> Problem statement:
Copy out each line of the data that holds the string "CoolSculpting".

═════ Excerpted records

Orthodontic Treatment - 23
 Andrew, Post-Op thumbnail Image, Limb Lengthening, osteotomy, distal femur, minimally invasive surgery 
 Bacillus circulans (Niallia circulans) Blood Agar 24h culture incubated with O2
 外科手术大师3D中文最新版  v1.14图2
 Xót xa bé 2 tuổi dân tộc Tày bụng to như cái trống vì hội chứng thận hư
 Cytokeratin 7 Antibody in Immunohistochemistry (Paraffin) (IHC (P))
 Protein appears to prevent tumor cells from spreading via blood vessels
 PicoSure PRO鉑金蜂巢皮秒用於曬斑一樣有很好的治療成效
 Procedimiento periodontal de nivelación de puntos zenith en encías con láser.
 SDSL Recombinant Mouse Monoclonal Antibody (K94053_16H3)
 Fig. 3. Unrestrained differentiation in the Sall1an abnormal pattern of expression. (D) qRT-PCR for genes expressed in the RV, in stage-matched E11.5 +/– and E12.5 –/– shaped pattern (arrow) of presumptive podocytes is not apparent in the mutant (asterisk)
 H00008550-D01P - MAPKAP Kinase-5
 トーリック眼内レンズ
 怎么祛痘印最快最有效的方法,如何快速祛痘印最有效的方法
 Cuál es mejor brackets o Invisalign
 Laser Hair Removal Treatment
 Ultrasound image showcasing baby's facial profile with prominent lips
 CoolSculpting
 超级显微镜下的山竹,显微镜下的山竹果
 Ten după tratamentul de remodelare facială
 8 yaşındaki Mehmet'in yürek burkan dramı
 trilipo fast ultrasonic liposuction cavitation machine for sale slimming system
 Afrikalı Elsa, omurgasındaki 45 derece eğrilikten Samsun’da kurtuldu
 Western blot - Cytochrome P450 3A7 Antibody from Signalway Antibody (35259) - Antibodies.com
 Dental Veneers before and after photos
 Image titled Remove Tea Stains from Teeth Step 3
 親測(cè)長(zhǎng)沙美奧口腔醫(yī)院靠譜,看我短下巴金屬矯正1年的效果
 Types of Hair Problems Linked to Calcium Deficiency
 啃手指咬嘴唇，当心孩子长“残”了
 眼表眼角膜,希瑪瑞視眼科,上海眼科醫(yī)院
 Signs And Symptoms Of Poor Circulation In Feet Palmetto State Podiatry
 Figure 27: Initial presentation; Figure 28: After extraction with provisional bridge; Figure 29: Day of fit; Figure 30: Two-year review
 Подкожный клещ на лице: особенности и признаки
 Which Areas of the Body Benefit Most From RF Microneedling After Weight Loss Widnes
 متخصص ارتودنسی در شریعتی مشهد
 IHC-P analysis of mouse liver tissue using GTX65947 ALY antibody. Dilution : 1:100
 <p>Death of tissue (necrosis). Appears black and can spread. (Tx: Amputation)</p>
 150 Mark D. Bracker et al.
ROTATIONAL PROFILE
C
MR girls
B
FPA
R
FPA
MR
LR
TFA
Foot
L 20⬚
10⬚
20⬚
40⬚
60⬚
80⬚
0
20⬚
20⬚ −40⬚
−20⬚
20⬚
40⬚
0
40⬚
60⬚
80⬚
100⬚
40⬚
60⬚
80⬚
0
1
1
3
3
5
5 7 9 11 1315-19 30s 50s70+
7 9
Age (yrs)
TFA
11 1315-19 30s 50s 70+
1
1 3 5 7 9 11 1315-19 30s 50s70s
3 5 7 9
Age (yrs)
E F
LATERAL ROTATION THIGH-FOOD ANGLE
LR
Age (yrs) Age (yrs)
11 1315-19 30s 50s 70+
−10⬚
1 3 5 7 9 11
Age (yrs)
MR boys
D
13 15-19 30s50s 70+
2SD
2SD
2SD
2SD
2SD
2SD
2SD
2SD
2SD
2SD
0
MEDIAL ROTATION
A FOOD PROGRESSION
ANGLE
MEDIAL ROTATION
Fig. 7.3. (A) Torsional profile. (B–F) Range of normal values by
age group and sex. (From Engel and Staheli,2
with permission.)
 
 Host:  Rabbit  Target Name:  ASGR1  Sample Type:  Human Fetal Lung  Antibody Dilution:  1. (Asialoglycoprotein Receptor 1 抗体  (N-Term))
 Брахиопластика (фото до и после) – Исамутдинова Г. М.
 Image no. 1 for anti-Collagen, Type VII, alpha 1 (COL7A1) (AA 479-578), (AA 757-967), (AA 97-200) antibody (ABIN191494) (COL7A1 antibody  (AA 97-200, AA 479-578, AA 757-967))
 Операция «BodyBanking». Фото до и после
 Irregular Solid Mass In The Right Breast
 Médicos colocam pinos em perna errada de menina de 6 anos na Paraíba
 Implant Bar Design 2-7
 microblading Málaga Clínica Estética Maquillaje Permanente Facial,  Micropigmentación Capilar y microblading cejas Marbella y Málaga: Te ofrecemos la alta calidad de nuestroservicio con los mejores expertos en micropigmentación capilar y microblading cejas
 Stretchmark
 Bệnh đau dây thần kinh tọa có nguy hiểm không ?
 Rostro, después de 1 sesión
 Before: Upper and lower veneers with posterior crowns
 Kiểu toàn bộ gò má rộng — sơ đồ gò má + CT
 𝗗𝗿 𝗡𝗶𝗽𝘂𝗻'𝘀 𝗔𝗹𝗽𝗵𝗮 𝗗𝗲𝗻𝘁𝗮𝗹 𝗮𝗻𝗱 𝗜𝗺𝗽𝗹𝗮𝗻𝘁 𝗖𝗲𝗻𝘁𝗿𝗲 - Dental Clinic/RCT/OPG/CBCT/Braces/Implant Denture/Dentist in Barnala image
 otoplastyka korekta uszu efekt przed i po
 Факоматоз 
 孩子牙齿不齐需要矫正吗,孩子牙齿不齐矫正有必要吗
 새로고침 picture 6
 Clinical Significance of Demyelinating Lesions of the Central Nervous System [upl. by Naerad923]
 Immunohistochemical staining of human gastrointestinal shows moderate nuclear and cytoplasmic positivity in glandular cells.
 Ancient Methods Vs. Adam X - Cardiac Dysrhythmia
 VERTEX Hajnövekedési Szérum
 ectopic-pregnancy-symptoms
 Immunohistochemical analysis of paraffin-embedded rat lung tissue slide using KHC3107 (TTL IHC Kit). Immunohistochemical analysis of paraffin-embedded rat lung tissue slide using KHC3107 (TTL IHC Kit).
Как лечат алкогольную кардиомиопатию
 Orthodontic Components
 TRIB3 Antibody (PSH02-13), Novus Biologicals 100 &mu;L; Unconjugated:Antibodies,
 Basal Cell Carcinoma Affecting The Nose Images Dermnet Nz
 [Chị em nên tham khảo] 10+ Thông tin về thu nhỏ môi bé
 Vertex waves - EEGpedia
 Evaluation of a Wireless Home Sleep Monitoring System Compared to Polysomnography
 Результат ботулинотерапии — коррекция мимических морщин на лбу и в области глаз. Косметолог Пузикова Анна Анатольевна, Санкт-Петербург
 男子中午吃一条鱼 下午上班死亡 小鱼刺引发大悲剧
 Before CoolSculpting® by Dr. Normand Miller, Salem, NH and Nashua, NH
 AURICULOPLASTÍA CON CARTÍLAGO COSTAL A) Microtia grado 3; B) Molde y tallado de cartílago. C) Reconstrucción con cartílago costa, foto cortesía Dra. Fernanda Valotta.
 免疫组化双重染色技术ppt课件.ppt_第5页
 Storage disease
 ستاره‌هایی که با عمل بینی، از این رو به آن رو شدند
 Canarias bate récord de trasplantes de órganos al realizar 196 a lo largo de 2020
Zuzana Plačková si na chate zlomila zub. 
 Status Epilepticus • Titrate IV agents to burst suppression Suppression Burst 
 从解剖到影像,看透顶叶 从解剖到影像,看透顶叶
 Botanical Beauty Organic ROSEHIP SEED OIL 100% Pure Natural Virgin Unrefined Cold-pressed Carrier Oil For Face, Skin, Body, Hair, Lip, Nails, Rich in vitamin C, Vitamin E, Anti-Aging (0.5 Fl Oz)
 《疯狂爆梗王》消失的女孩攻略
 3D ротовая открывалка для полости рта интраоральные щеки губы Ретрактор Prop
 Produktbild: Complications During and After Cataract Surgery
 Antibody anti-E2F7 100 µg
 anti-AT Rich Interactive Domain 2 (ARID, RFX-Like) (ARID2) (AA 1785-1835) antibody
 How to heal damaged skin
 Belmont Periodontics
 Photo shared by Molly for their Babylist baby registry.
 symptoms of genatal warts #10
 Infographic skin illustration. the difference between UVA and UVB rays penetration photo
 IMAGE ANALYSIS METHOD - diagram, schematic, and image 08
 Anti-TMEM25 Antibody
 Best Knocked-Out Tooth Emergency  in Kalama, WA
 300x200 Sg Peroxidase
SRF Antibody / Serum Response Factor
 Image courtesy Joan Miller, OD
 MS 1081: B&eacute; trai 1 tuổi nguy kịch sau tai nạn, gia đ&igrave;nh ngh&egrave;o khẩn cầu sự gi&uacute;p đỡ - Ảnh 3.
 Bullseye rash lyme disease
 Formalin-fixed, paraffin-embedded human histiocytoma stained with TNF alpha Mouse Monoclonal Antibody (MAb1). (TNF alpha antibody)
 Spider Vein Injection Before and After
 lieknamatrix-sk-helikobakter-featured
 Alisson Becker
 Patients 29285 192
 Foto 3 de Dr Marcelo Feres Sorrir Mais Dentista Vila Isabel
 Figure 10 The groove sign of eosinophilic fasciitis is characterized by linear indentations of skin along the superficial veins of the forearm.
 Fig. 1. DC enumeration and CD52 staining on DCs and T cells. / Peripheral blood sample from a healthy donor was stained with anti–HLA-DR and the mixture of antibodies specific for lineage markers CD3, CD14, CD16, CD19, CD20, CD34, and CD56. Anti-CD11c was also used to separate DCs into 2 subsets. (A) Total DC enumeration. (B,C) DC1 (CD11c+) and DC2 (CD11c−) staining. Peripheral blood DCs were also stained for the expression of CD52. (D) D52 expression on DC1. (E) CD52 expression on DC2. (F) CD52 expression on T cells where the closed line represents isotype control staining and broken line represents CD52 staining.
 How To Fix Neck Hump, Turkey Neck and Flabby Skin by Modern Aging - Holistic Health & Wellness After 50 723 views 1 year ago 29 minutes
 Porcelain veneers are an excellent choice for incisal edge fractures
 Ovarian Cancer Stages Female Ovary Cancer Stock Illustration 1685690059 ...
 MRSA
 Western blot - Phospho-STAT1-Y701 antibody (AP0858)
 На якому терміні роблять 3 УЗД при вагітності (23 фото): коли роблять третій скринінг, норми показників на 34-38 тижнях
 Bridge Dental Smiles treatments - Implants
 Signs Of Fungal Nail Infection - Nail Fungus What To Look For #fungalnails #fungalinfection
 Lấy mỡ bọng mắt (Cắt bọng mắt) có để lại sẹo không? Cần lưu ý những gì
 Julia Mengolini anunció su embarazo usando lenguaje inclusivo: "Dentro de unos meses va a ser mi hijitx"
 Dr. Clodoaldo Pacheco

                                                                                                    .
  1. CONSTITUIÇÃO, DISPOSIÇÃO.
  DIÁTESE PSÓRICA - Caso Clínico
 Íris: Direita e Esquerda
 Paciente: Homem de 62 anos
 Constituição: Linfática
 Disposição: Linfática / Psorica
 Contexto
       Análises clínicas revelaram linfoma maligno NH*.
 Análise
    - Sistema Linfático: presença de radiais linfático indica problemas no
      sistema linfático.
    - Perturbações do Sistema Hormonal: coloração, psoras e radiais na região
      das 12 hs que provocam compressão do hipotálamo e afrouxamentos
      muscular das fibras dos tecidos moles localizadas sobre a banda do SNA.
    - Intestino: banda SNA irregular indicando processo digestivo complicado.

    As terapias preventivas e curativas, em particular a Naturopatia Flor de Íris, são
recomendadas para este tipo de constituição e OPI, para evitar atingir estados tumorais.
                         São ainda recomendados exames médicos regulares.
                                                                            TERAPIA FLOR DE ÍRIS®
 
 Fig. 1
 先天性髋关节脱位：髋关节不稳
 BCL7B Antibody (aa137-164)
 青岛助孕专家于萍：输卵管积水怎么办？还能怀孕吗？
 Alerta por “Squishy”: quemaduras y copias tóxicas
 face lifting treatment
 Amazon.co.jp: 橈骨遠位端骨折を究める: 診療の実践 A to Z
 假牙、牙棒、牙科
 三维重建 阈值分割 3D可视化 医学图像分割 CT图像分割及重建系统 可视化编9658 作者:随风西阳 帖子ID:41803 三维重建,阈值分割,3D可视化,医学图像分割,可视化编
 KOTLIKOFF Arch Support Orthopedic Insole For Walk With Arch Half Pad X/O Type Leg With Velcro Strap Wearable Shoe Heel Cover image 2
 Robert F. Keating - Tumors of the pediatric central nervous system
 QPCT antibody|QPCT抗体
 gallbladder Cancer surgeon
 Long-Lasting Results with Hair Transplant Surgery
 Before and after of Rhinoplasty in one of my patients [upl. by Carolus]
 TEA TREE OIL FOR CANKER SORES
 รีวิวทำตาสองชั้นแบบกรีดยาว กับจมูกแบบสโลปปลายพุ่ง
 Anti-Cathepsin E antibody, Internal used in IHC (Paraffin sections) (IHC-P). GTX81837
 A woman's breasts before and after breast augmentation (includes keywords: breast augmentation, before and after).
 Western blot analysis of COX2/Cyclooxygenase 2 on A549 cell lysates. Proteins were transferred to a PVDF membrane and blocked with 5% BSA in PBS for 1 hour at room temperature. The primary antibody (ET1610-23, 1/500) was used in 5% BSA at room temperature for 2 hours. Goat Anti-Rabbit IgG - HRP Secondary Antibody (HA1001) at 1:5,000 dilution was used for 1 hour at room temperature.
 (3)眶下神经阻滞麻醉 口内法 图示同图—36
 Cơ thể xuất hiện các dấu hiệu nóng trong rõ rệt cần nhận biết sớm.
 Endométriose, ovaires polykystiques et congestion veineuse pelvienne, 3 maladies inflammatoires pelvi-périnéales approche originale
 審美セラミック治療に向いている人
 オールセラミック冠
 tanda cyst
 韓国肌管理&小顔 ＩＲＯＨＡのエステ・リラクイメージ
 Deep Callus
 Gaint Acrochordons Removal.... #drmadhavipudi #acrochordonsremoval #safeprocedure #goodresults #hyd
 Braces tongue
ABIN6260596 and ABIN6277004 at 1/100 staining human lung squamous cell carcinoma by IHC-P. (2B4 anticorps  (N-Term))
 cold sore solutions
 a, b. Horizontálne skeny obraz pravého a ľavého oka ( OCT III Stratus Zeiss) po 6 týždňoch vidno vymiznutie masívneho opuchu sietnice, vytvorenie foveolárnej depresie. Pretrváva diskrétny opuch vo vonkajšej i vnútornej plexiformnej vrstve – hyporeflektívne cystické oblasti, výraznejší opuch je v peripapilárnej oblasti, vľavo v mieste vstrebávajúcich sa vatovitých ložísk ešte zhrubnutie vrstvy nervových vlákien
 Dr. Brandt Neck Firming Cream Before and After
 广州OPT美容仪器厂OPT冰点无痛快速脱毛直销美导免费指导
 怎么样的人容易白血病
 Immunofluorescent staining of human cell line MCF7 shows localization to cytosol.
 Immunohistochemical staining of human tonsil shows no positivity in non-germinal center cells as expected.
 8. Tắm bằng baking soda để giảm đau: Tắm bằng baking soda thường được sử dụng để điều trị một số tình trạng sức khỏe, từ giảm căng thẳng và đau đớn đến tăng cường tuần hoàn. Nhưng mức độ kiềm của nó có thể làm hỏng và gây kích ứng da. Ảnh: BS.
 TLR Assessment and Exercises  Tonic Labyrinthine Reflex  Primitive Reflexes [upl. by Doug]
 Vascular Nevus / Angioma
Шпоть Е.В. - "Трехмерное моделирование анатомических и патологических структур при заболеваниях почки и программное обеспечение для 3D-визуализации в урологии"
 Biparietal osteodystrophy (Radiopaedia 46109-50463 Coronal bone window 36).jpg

══════════

> Written solution:
 CoolSculpting
 Before CoolSculpting® by Dr. Normand Miller, Salem, NH and Nashua, NH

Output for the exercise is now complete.